Actionable To-Do List:

  • Launch a small-yard initiative that continues and intensifies the Obama-era export control reforms to loosen or eliminate outdated controls or those on low priority products.
  • Beef up enforcement and monitoring on high priority technologies and products.

Priority 3: Build situation-specific coalitions with allies to control key technologies

The COVID-19 epidemic has put China in a negative light around the world, a political shift that has expanded support for multilateral controls that would not have passed even a year ago. The United States should capitalize on this trend and strengthen existing fora like the Wassenaar Arrangement, a multilateral agreement on technology controls established in the 1990s. But Washington should also build smaller coalitions of the willing with key suppliers of goods like semiconductors, where interests align in blocking import substituting industrial policy that aims to supplant foreign suppliers. All it would take to put controls on the majority of global SME exports is for Japan and the Netherlands, both US securities allies, to join US controls. If Korea and Taiwan joined, just under two-thirds of the global export market would be covered, according to forthcoming research from my PIIE colleague Chad P. Bown.

Actionable To-Do List:

  • Form informal working level commissions with allies of key exporters of strategic technologies to coordinate national export control policy where the Wassenaar Arrangement is too large or slow to fit the need.
  • Work with the European Union to coordinate US entity listings and new controls with the drive for autonomous controls on cyber-surveillance.
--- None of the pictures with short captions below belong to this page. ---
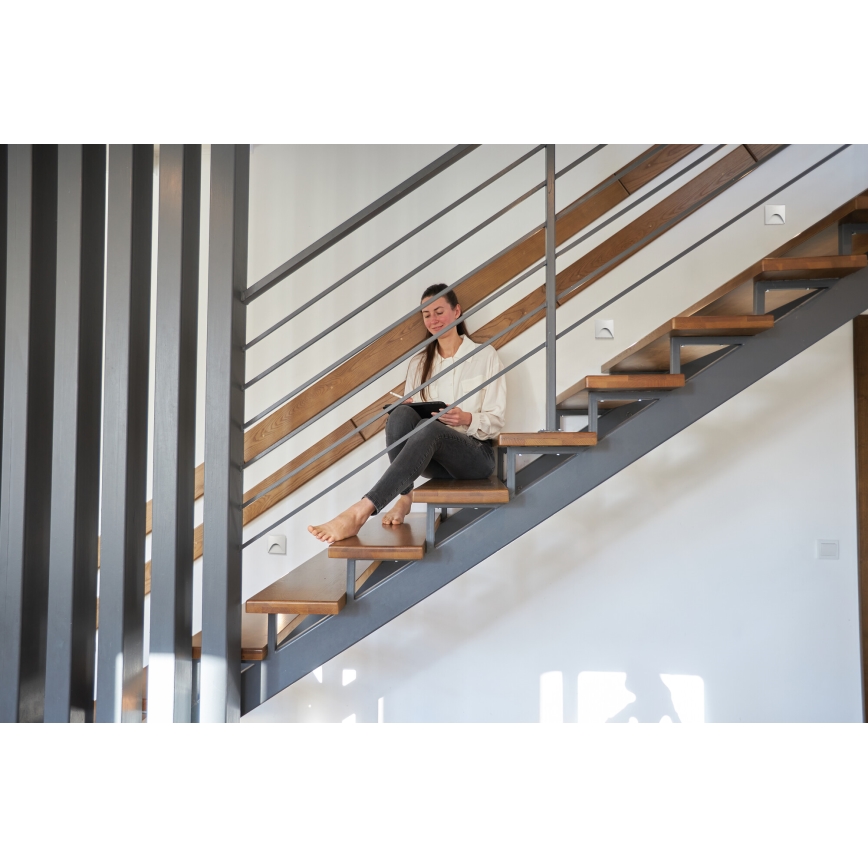 LED trepi valgusti EXIN LED/2,5W/230V 4000K IP65 valge, ruudukujuline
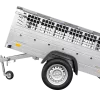 Remorque grillagée 200x125 avec bâche plate grise, tiges de support bâche, ridelles grillagées et roue jockey - Garden Trailer 201 KIPP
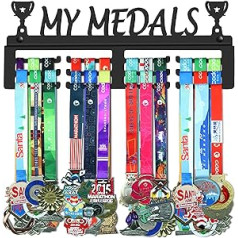 WEBIN My Medals Medal Hanger Holder Display Rack Black Super Hard Steel Metal Wall Mounted Over 50 Medals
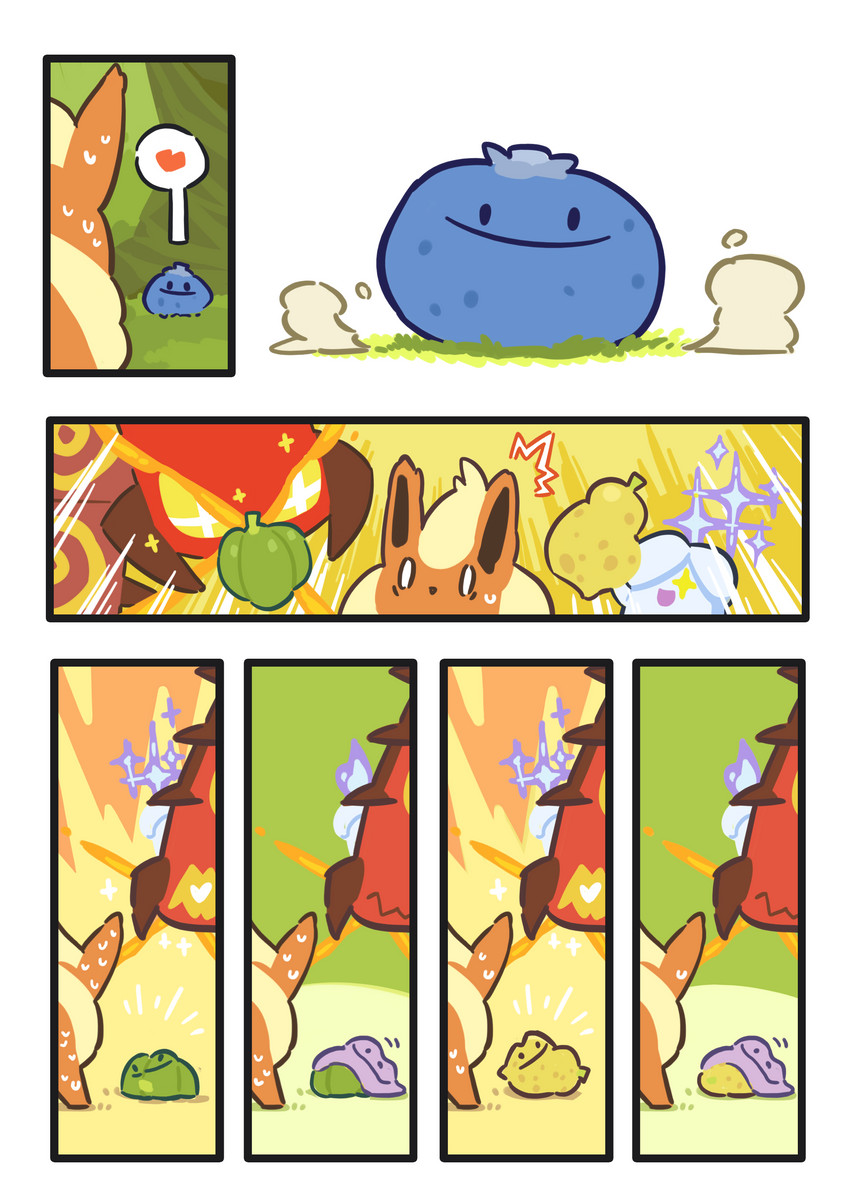 flareon, litwick, ditto, transformed ditto, and centiskorch (pokemon and 1 more) drawn by hc2002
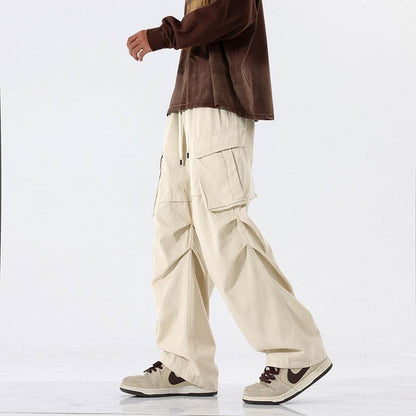 Men's Retro Pleated Cargo Pants - Casual Straight-Leg Styles for 2025 - Buy Center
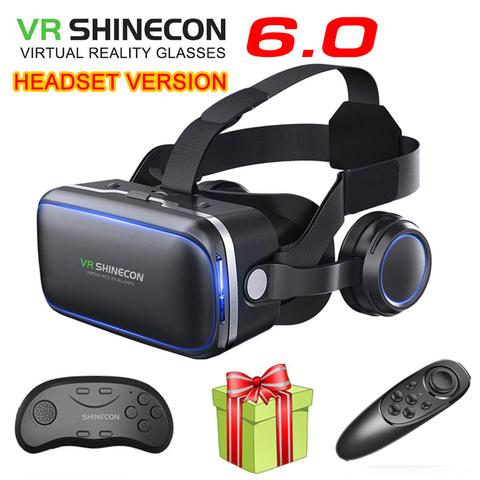 Очки виртуальной реальности VR Shinecon 6,1, 3D очки виртуальной реальности Google Cardboard, VR гарнитура, очки, гарнитура, шлем для смартфона ► Фото 1/6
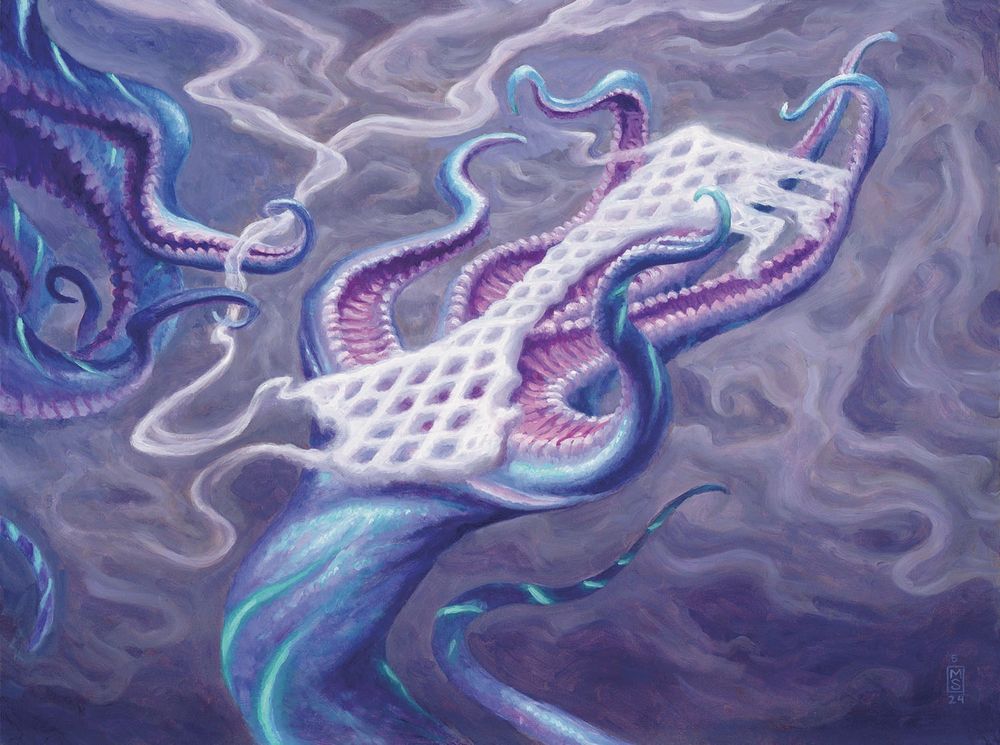A sci fi looking key being held by a squid like creature 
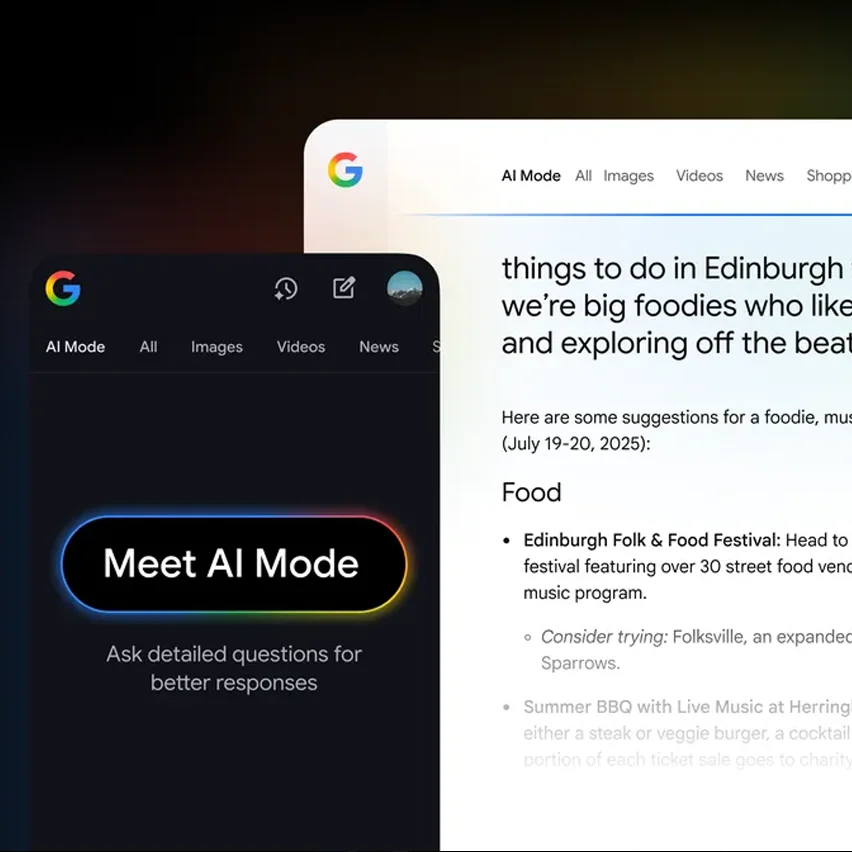 A digital screen displaying two user interfaces. On the left, a dark-themed interface shows a button labeled Meet AI Mode. On the right, a light-themed interface shows a search result page with suggestions for things to do in Edinburgh.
Priority 4: Incentivize Chinese dependence on US technology and inputs well into the future by using the entity list more judiciously

The unprecedented rise in entity listings and rule changes that place restrictions without a clear path to removal through behavior changes has disrupted US-China relations, encouraging Chinese leaders and businesses to see the United States as an unreliable technology supplier. In the past, for example with ZTE, the Chinese company accused by the United States of selling banned technology to Iran and North Korea, the rationale for the company being added to the list was more clearly defined, as were the behavioral changes or deals that could get it removed.
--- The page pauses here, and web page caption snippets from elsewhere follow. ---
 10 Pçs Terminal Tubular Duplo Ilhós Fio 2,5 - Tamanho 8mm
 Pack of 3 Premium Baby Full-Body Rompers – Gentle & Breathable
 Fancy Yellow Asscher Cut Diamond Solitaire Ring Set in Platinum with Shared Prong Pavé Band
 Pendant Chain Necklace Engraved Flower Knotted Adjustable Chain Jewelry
The latest export control policy has put American firms at a competitive disadvantage in the Chinese market and incentivized China to double down on self-sufficiency. Both US and foreign firms have reported privately that Chinese buyers, even those not in sensitive sectors, are requiring certification that their supply chains are outside the reach of US export controls. China’s concerns are encouraging foreign firms to eliminate American participation in global supply chains. Any security advantage from this change in policy has come with a cost. The United States is reducing its ability to understand Chinese capabilities and weakened its control over technology access that occurs when Chinese firms rely on US technology.

Actionable To-Do List:

  • Be careful about using the entity list as a symbolic gesture against firms over which the United States lacks leverage.
  • Provide clear paths to exit from the entity list for firms on it to incentivize changes in behavior.
  • Use licensing to gather data on China’s technology capabilities, rather than denials that force self-sufficiency.

Download the pdf


1.  Lee G. Branstetter, Britta Glennon, and J. Bradford Jensen, 2019, The Rise of Global Innovation by US Multinationals Poses Risks and Opportunities, PIIE Policy Brief 19-9, Washington: Peterson Institute for International Economics.

2. Concept originally formulated by former Secretary of Defense Robert Gates.